If there is one thing I like planting in the spring time, it is chili peppers. I have standard plants I like, which include jalapeno, serrano, thai bird, and habanero peppers. As the cold weather slowly approached us in Wisconsin this year, yes, it is still in the 50’s in November, I had to pull my remaining peppers from the garden. This included many habanero peppers.
But lets face it when it comes to habanero peppers. There is not a whole lot you can do with them. They are fairly dang hot, and cannot be used in a lot of dishes. Sure, you can figure out a jam, or make a marinade, but you are still left over with a lot of peppers. Upon my last picking, I wanted to come up with something that I liked, hot sauce, and use the habaneros in a way that it would not kill the palette, but lend itself to a hot sauce addiction, and this sauce did just that.
- 8 whole habanero peppers, stem removed
- 1 tbsp salt
- 1 tbsp tumeric powder
- 1 medium onion, halved
- 3 cloves of garlic, smashed
- 2 tbsp olive oil
- 4 cherry tomatoes, halved
- 1/4 cup of fresh cilantro, lightly chopped
- 3/4 cup of cider vinegar
- 1 tbsp granulated sugar
Begin by preheating your oven 425 degrees, lay the tomatoes, onions and garlic on a baking sheet and drizzle with the olive oil. Sprinkle with some salt and pepper, and cook unto the onions are roasted, about 15 minutes.
Remove the sheet of veggies, place them in a blender along with the remaining ingredients, and blend. Blend until you have a pureed sauce of habaneros and veggies. Pour into a sealed tight container and use as needed.
Now here is the deal on this sauce. I will be honest, it has a bite, but it has that bite that keeps you so interested in another bite, and another, and another.

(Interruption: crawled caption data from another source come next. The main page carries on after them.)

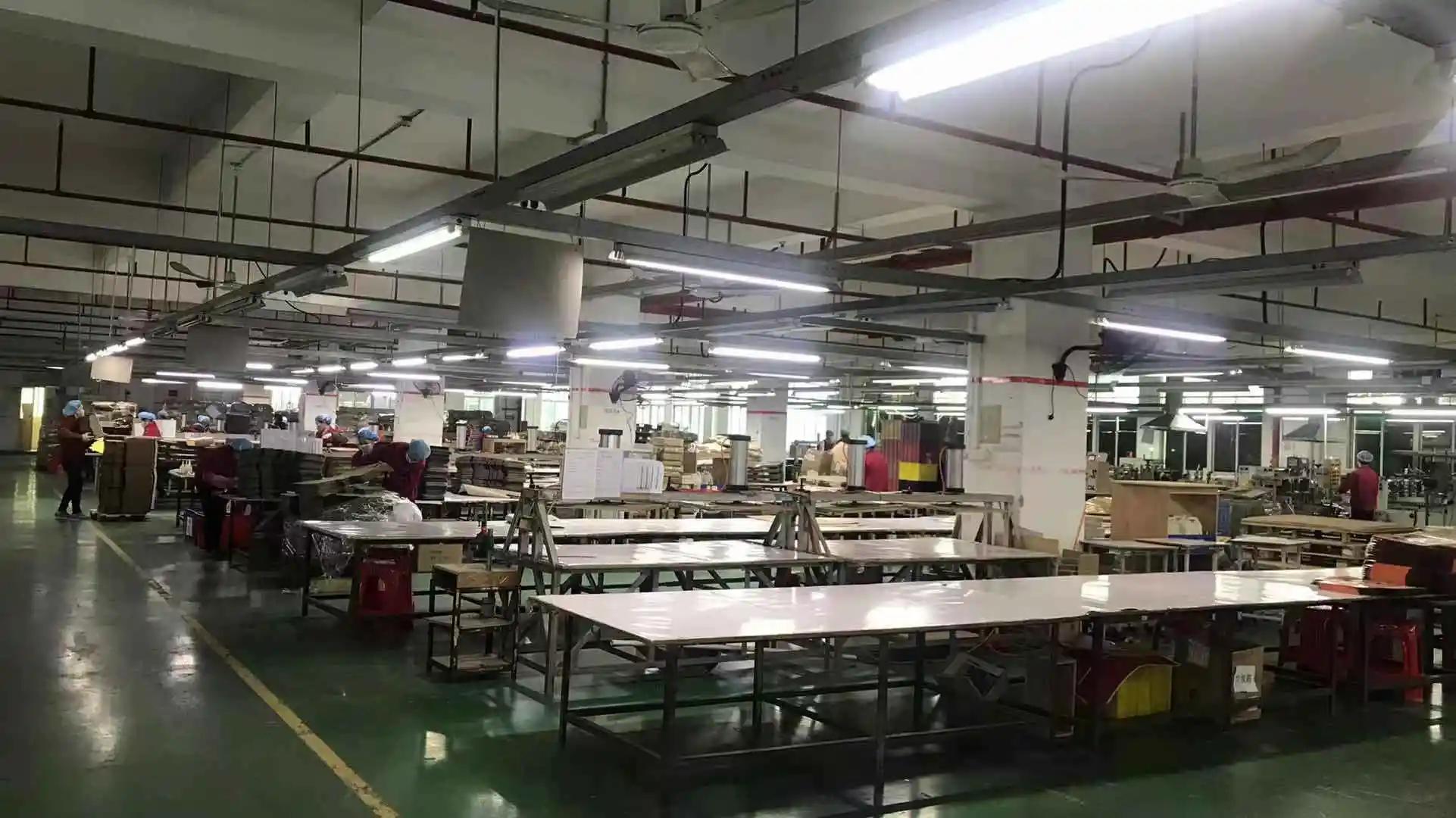 ZHONGSHAN WEIXIN INDUSTRIAL CO.,LTD.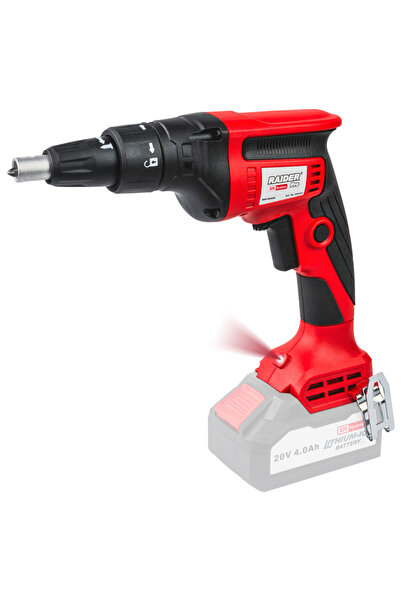 Raider Pro Surubelnita electrica gips-carton 520W 1/4" RD-ES46
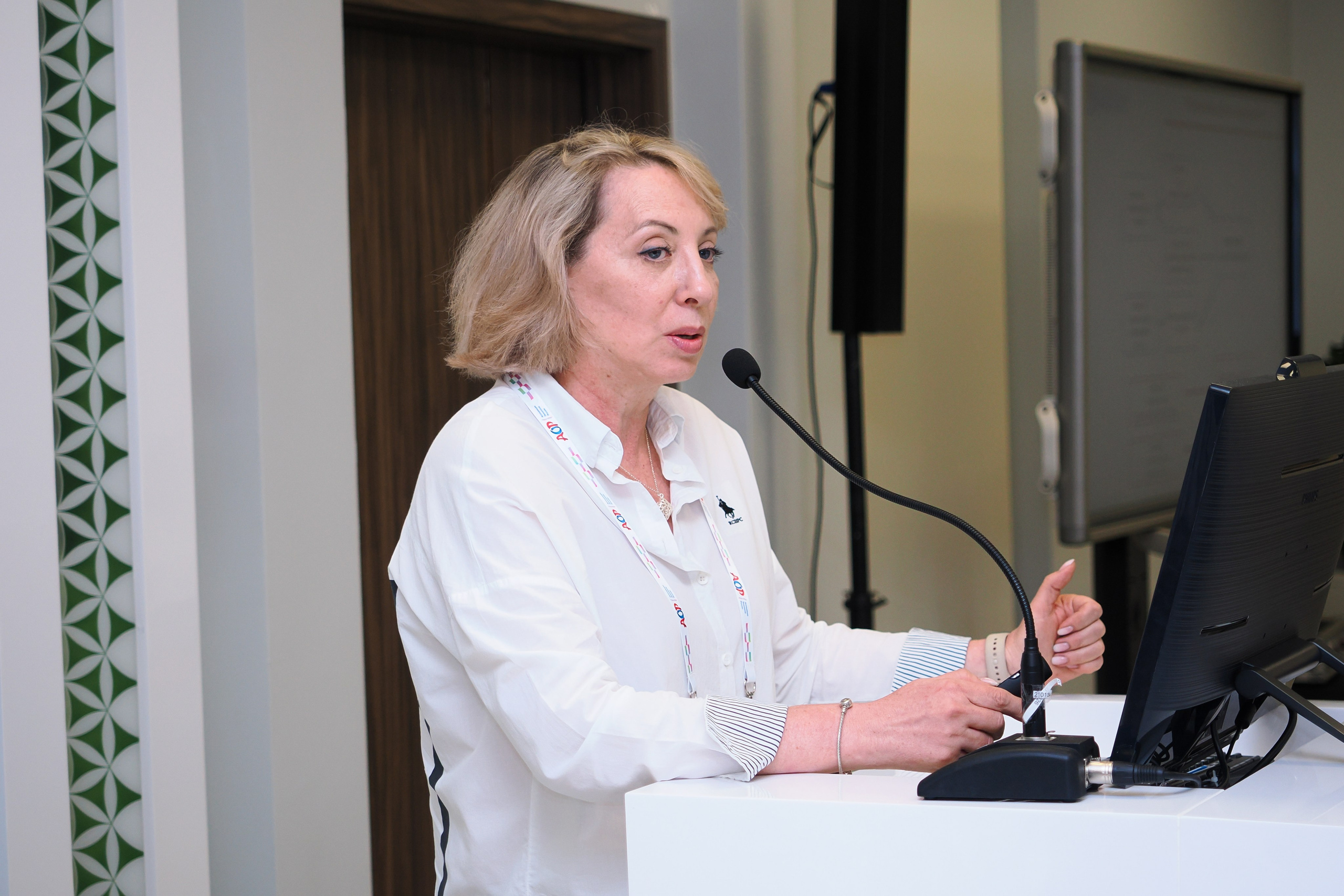 Академия Онкологов России. Репортажный фотограф Алексей Козьмин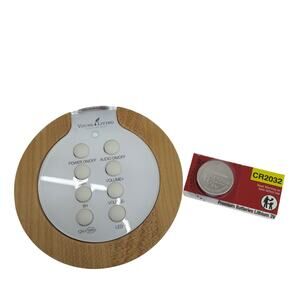 Young Living Aria Ultrasonic Diffuser Replacement Remote Control w/ Battery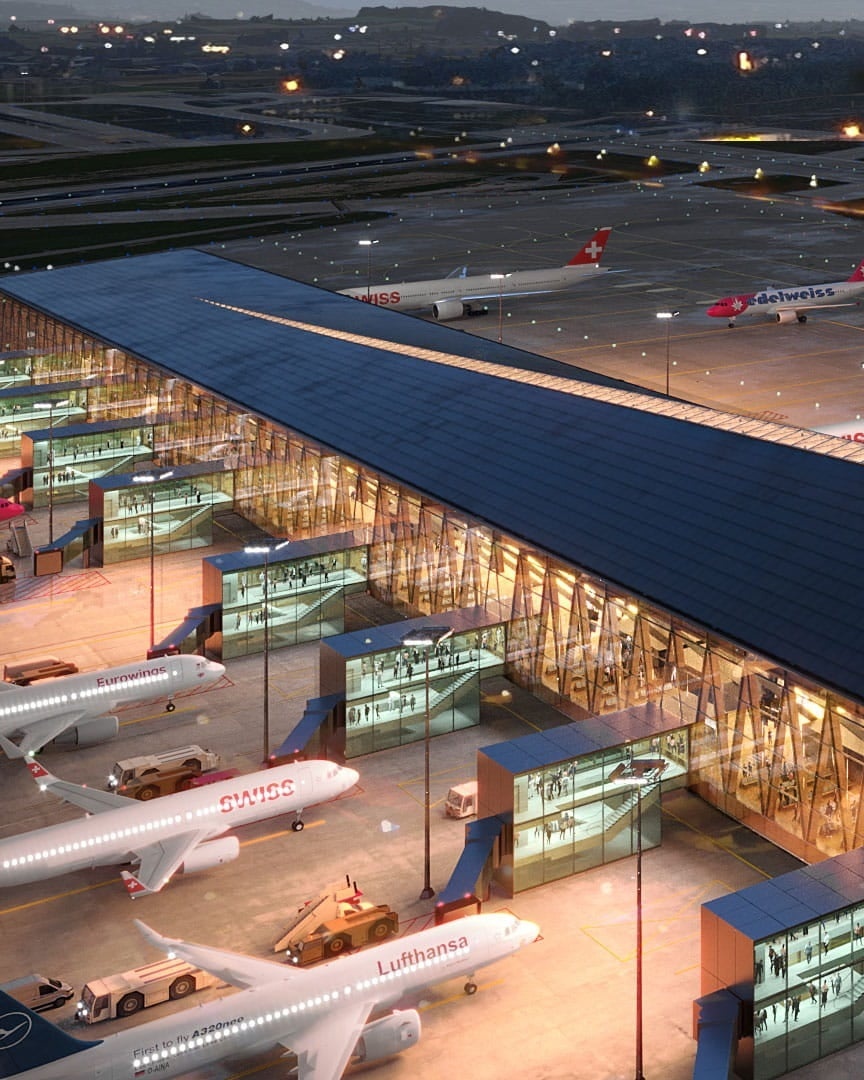 Projektbild 1 von BIG - Bjarke Ingels Group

I have a couple of chili heads at work, and brought the sauce in the other day. One coworker said “You can bottle that, and sell it today”. I agree. This sauce has something about it. It’s hot, but keeps you wanting more, and in my book, that is something good, and comforting. Lightly dip with chips, place a bit in your pasta, or lightly rub chicken, beef, or pork before smoking or grilling. Try it out, and let me know.